As Christina Salerno notes today on the Capitol Record blog, liquor sales are up nearly three percent from June through September this year, compared to the same period of time last year. Salerno also notes that "a standard liter of liquor now costs an average of $2 more per bottle than last year."

In terms of the raw numbers, the Capitol Record reports that roughly 13.6 million liters of liquor were sold from June through September, while 13.2 million liters were sold during the same period of time in 2011.

However, while overall booze sales are up, not everyone is buying more - specifically bars.

From the Capitol Record:

Bars and restaurants, meanwhile, are buying less -- there was a 13 percent drop in liquor purchases from businesses from June to September.
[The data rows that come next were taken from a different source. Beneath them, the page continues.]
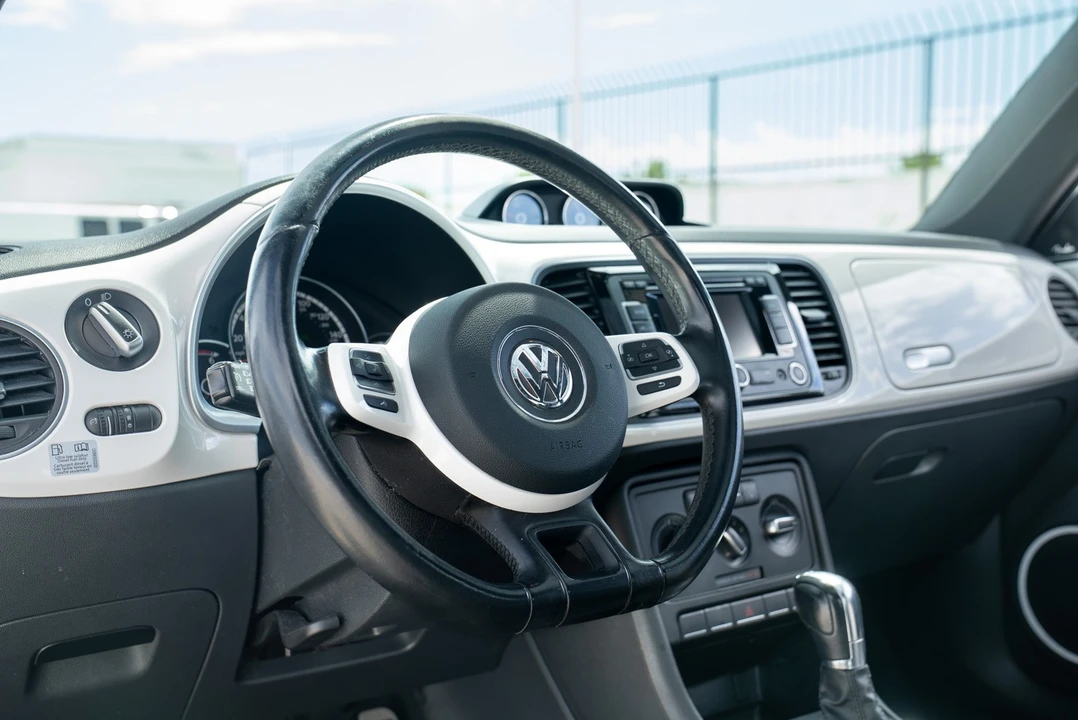 2013 Volkswagen A5 Beetle - Image 21 of 31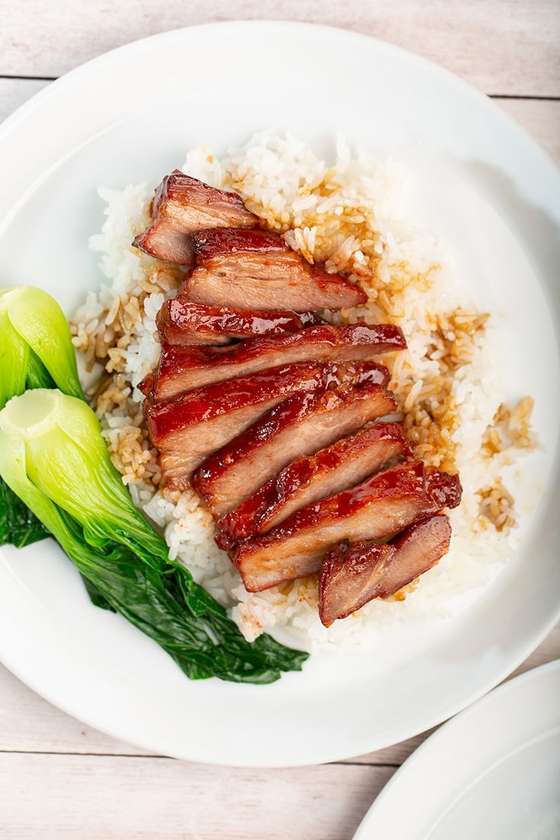 V02 Roasted Pork with Rice 烤猪肉饭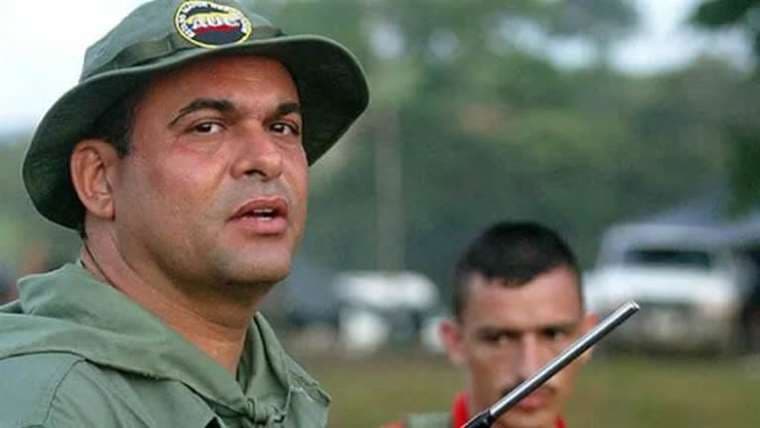 Colombia encuentra fosa común con presuntas víctimas de paramilitares cerca de Venezuela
The revenue department speculates that's because businesses stockpiled in May, before the privatization law went into effect.

To put the booze price increase in perspective, the Capitol Record reports that, "A year ago, the average retail price for a liter of liquor, including taxes, was $21.58. The same bottle now costs an average of $24.09 -- a nearly 12 percent increase."

While it's interesting to pore over the numbers, it's not shocking to hear booze sales are up since hard liquor hit places like Target and Safeway. The pure number of tantalizing Jim Beam endcaps in grocery stores these days can likely be connected to the spike in people buying liquor. I know such displays have gotten me at least once or twice since privatization hit (conservative estimate).